The local coverage of the attack waned a little until, maybe due to a dearth of real news, the channels all picked up on the foreign interest. The number of Youtube views of the English version of the campaign video was a prominant part of the story as well as one of Jude’s articles in The Cerberus. He beamed. The news was that our news was big news in their news. The attack, the campaign video and even the kid with the bouzouki went ballistic. Just as and when Mike had predicted. That reminded me. I needed to speak to him, he was getting weird… weirder.

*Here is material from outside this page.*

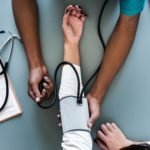 Check Your Blood Pressure In Pregnancy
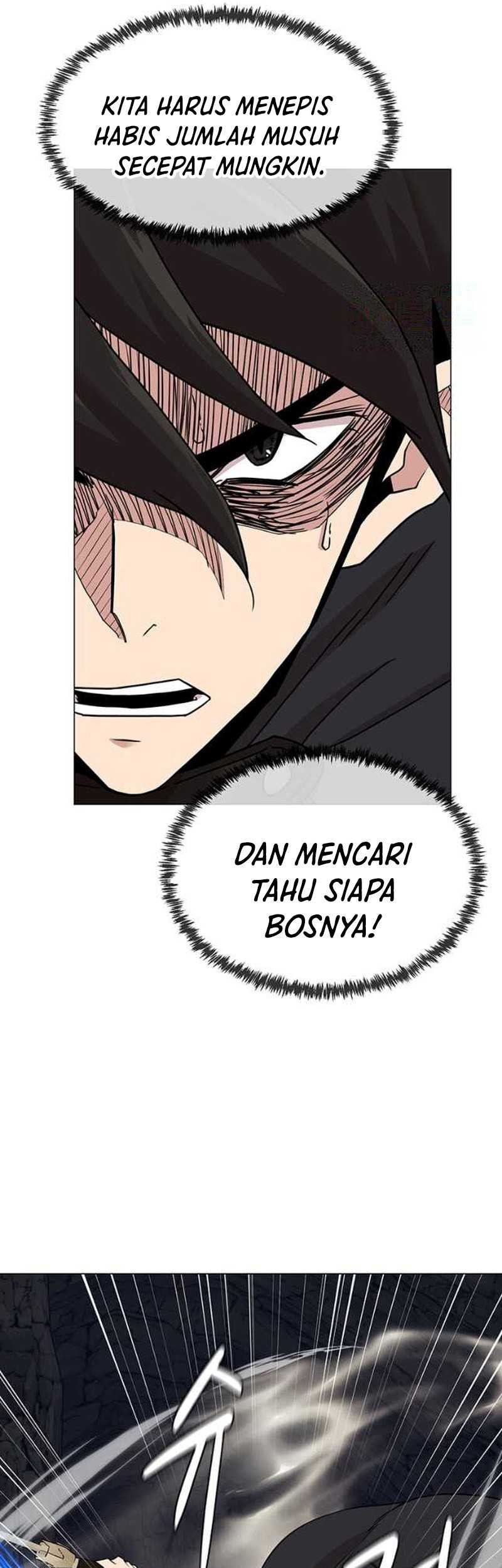 Martial Arts Alone Chapter 35 Gambar 40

My phone buzzed, not its usual ringtone, it just buzzed. I swiped and put it to my ear. Nothing. Looking at the screen, Mike’s avatar appeared. “Hey Boss! The Youtube videos are going viral worldwide but domestic stats are showing significant engagement with over eighty-four percent watching the whole clip. Ninety-six percent, excuse some rounding of figures, are watching more than seventy-five percent of the clips. I have planted a script on all GD and sympathiser sites that phishes all their data when they log in. I am in the process of analysing the emails and PMs as we speak. All online communication, forums, facebook, twitter etc that refer to you, or them, are automatically modified in our favour. Persistence invokes the phishing script.”
“Wow, good work, Mike.” I looked round. Jude and Roni we plainly eavesdropping.
“Oh! And Boss.”
“Yeah, Mike.”
“You have no need to worry about me. We are fine.” The image shrank to a dot and disappeared.
I turned to the journoes. “Wow what they can do, eh?” They stared at me. “You heard that, right?”
Jude looked at Roni. “Just heard like white noise.”
“Me too!” she replied.
I got Yiannis Galtides on the phone and told him to meet me at the town hall. He wriggled tried to schedule for the coming week. I needed to see him now, while I still had the ideas in my head but he was preparing for a tech startup conference in Sofia, Bulgaria. I told him that I was considering him for a consultant or even ministerial position but I need to find out if we were on the same page.
“One hour in the conference room.” I told him.
He agreed.
I grabbed the Vespa keys from their hook. “Get your stuff, you got some journalism to do!”
We stood round the scooter. I looked to Roni and Jude with their flight bags and back packs. “This is not going to work.” I stated the obvious.
Fortunately, they had rented a car but suggested following me on the Vespa. “Who’s that guy in South America somewhere with the VW?” Roni asked.
“Yeah, Uruguay, the president.” He squinted. “Jose Mujica. Drives an old original Beetle. You know he was offered a million for it?”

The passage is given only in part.